Hinter den elaborierten Ansprüchen des modernismo musste eine solche Literatur jedoch weit zurückstehen. Die fast naive Psychologisierung von Ramos‘ Figuren fand in Andrades theoretischem Konzept, geschult an Friedrich Nietzsche und vor allem  Sigmund Freud, keinen Platz. Neben sprachlich, stilistisch aber auch intertextuell aufgeblähten Romanen wie dem epochalen „Macunaíma“ (1928) von Mário de Andrade, aber auch thematisch einen ganz anderen Horizont offenbarenden Texten wie Oswalds „Serafim Ponte Grande“ (1933), der in experimenteller Erzählweise den Börsencrash der Wall Street und seine Folgen aufarbeitete, wirken Ramos‘ Romane schlicht, klein und wenig innovativ.

Ramos stellt dieser Literatur etwas ganz und gar Unprätentiöses entgegen. In seinem berühmtesten Roman „Vidas Sêcas“, wie „Karges Leben“ im Original heißt, erzählt er von Fabiano und seiner Familie ­– eine Frau, zwei Kinder, ein Hund – und ihrer Wanderschaft durch Alagoas im Nordosten auf der Suche nach Arbeit.
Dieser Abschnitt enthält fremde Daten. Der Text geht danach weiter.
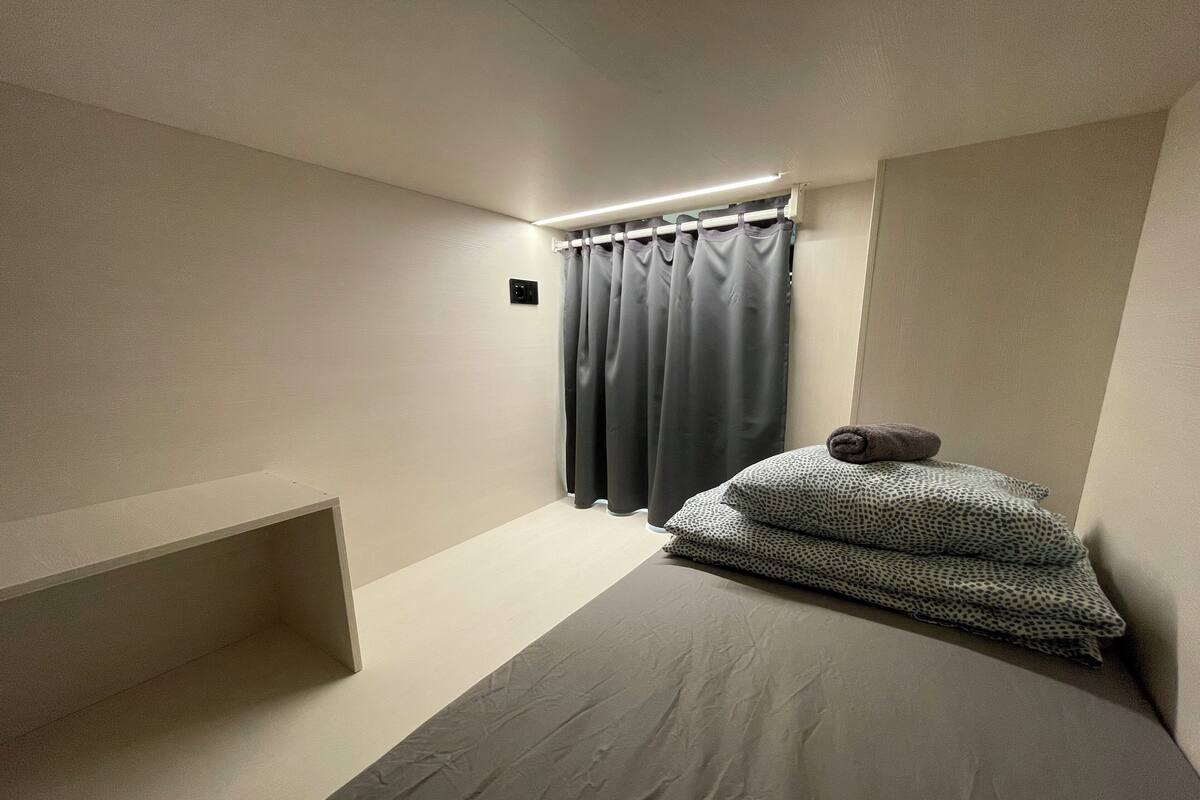 Un dormitorio pequeño y minimalista con una cama individual, una mesita de noche y una cortina.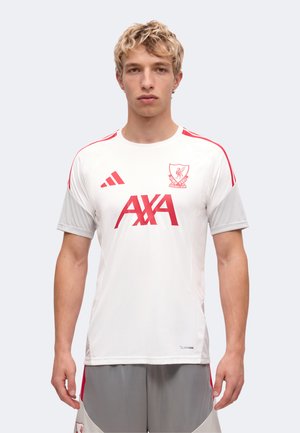Mladi moški s kratkimi blond lasmi, oblečen v belo-rdečo dres Liverpool Football Club in sive kratke hlače na preprostem ozadju.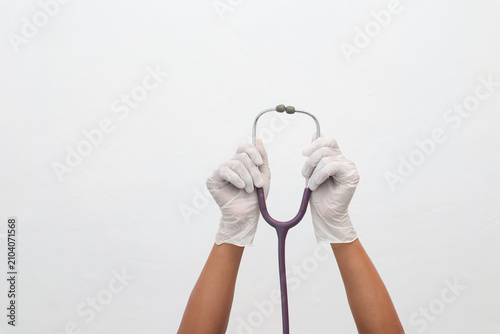 Obraz na plátne Doctor's hands in white gloves holding a stethoscope against a white background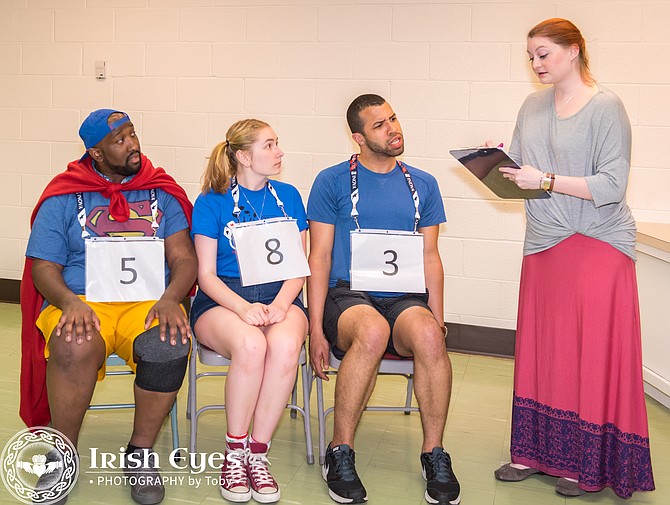 “The 25th Annual Putnam County Spelling Bee” — Three of the spellers (Sidney Davis, Sierra Hoffman, and William Jeffreys) are given instructions by Rona Lisa Peretti (Sara Watson).
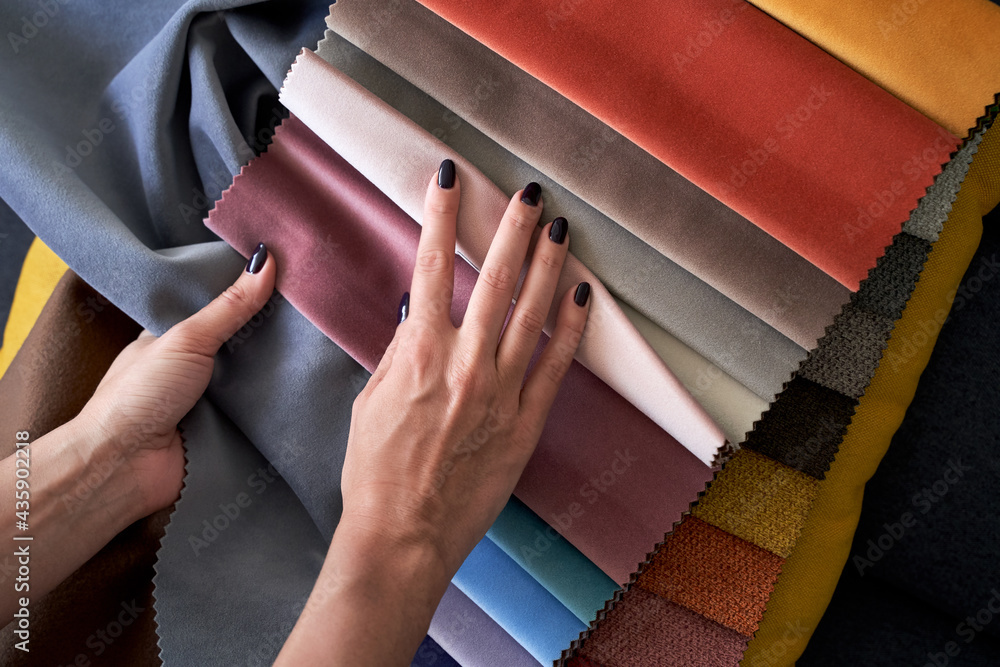 Choosing upholstery fabric color and texture from various colorful samples in a store. Female customer hands touching textile.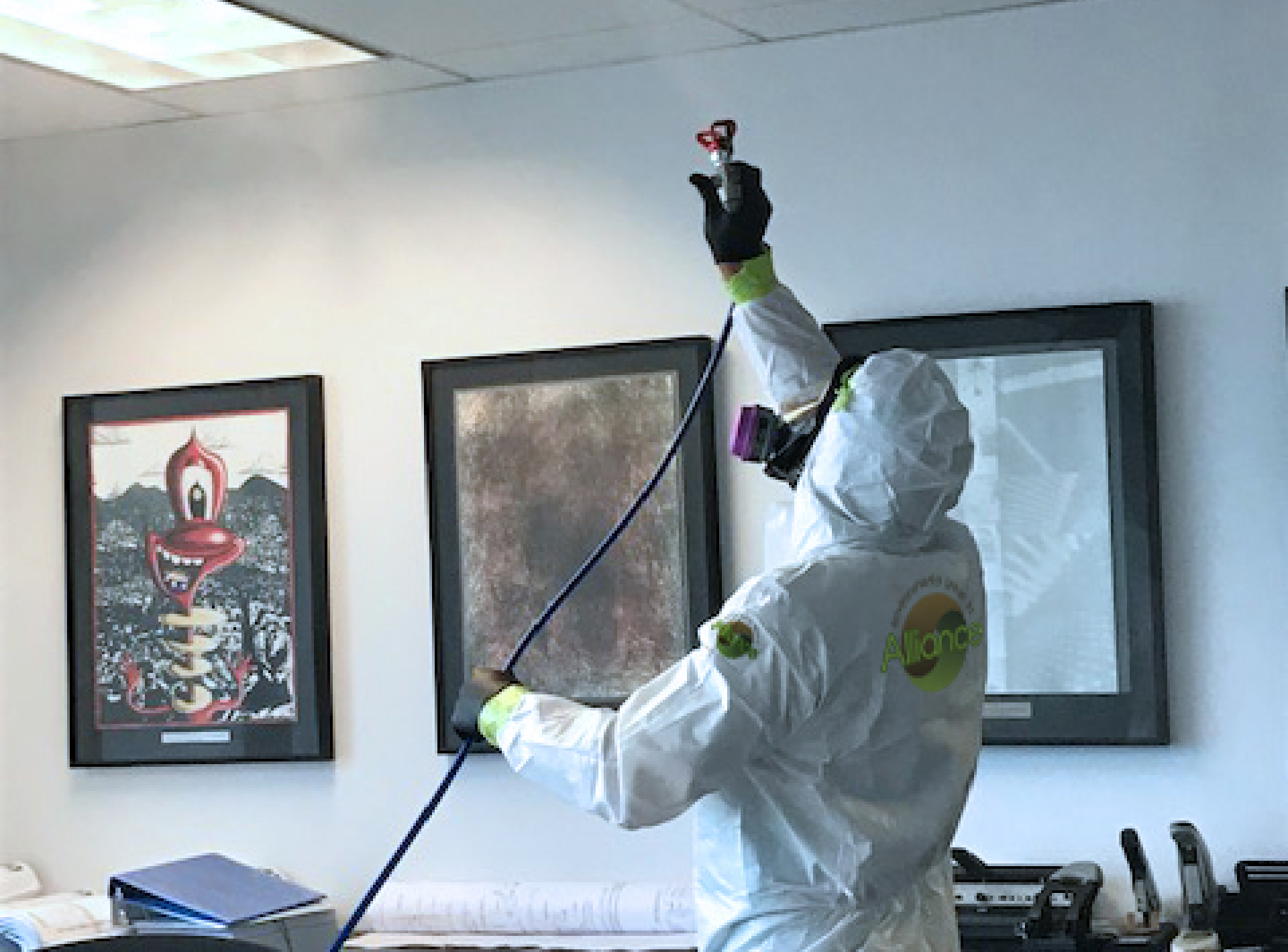 Alliance worker using a BioHazard spray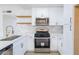 Modern kitchen featuring white cabinets, stainless steel appliances, and stylish finishes at 6170 W University Ave, Las Vegas, NV 89103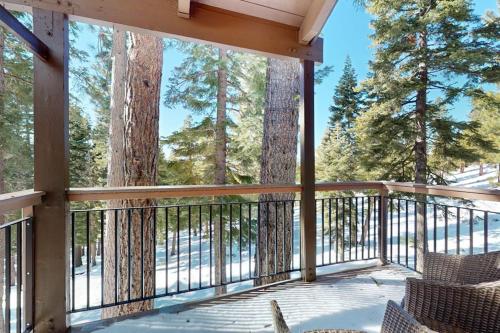 a screened in porch with a view of trees at Cozy condo with mountain views free shuttle & W&D in Ponderosa Fairway Estates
Die große Trockenheit hat dazu geführt, dass sie ihren letzten Arbeitsplatz aufgeben mussten, es gab schlicht nichts mehr zu tun, jetzt hoffen sie auf den Regen. Als er endlich da ist, dürfen sie eine kleine Farm für den abwesenden Großgrundbesitzer bestellen. Die Arbeit ist hart, die Entbehrungen groß und die einzige Abwechslung sind kurze Besuche in der namenlosen, nächstgelegenen Stadt. Bei einem dieser Besuche gerät Fabiano im Suff mit einem gelbhäutigen Polizisten aneinander und muss eine Nacht in der Zelle verbringen. Außer der Familie wird diese Figur die einzige sein, die noch im Roman auftritt und außer einem weiteren Besuch der Stadt, in der sich Fabiano auf einem Fest erneut betrinkt und auf Rache sinnt, den Polizisten jedoch nicht findet, wird dies auch das einzige Ereignis in dem Roman bleiben. Karg und spärlich ist dieser Text also sowohl, was seinen Plot betrifft, als auch durch Figurenpersonal und Sprache. Formal spiegelt er damit, was er inhaltlich beschreibt.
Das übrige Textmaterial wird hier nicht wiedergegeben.